§ **Instructions to follow**
The whole listing is to be given again without alteration, except that its pictures are dropped.

§ **Information supplied**
• • • • • • •
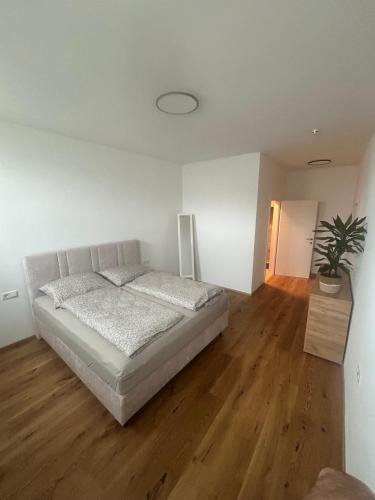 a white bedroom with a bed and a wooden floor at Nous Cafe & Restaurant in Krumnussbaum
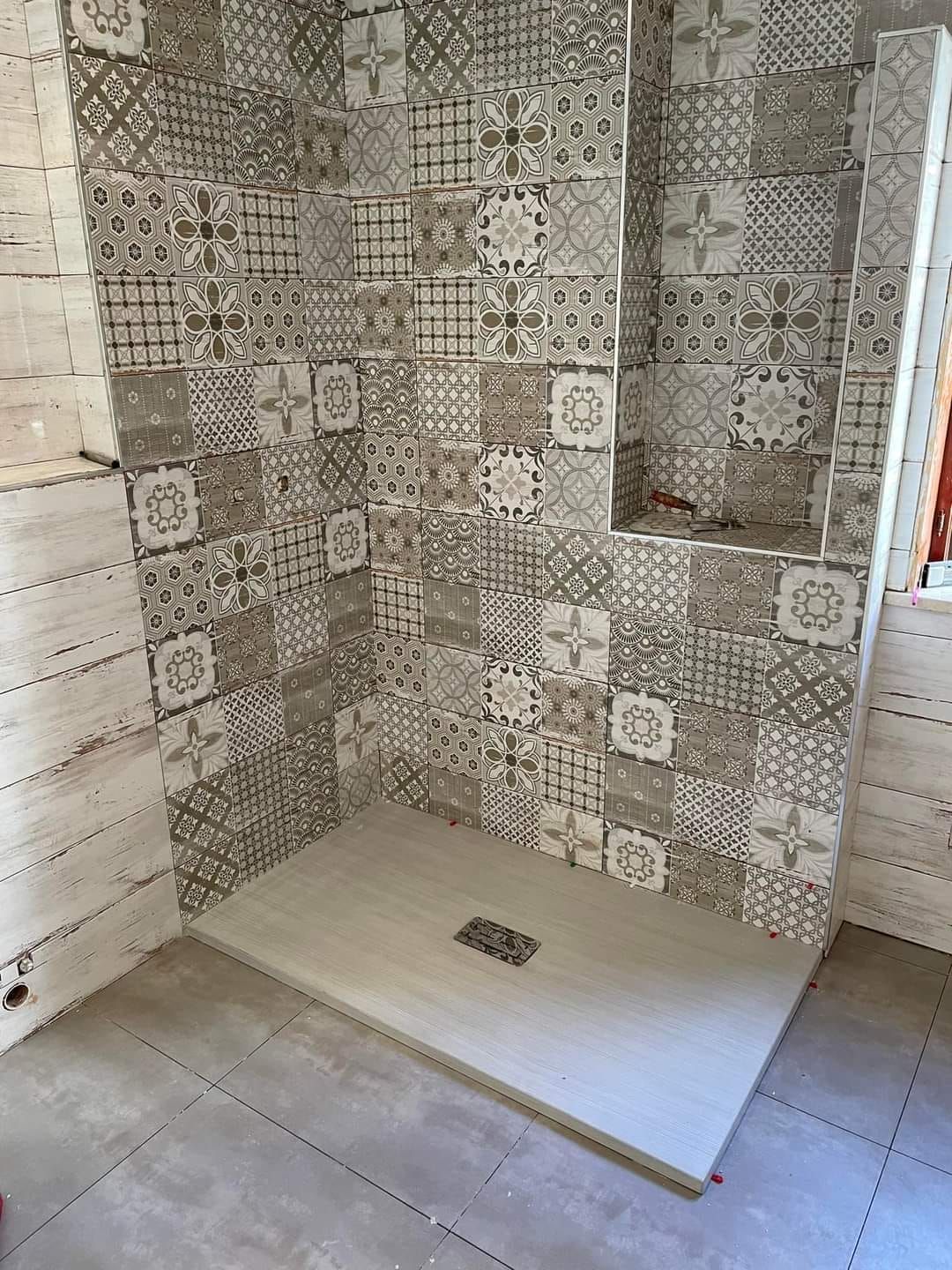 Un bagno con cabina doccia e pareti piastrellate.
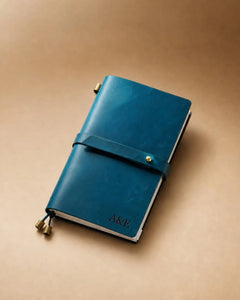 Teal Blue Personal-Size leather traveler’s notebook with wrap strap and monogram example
• • • • • • •
§ **Result of the task**
 a white bedroom with a bed and a wooden floor at Nous Cafe & Restaurant in Krumnussbaum
 Un bagno con cabina doccia e pareti piastrellate.
 Teal Blue Personal-Size leather traveler’s notebook with wrap strap and monogram example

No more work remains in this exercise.